What the task asks: Your task is to transcribe the data exactly while omitting each picture.

Data below:
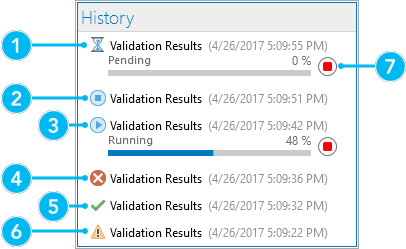 History of automated validation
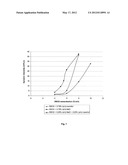 CONCENTRATED MAST CELL STABILIZING PHARMACEUTICAL FORMULATIONS diagram and image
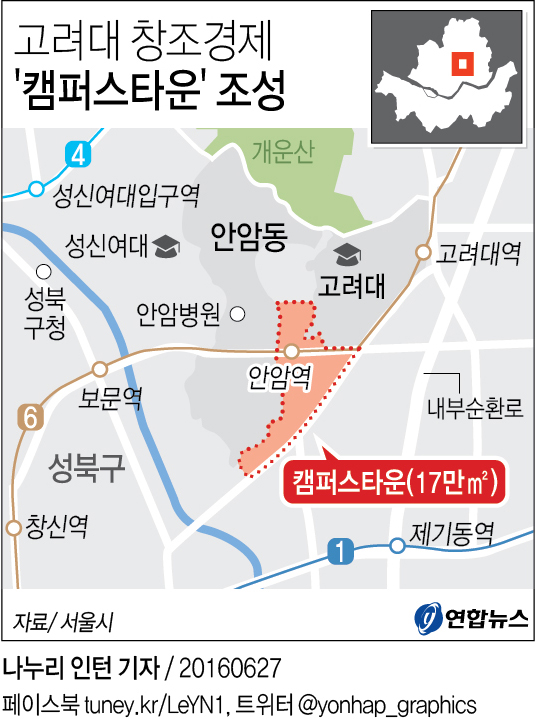 <그래픽> 고려대 창조경제 캠퍼스타운 조성 | 연합뉴스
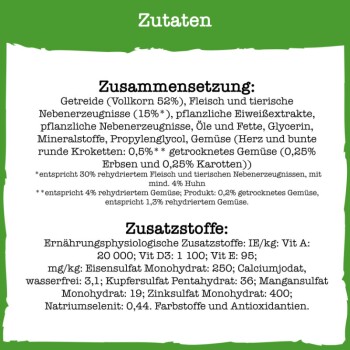 Wohlfühlgewicht 3kg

Reply:
 History of automated validation
 CONCENTRATED MAST CELL STABILIZING PHARMACEUTICAL FORMULATIONS diagram and image
 <그래픽> 고려대 창조경제 캠퍼스타운 조성 | 연합뉴스
 Wohlfühlgewicht 3kg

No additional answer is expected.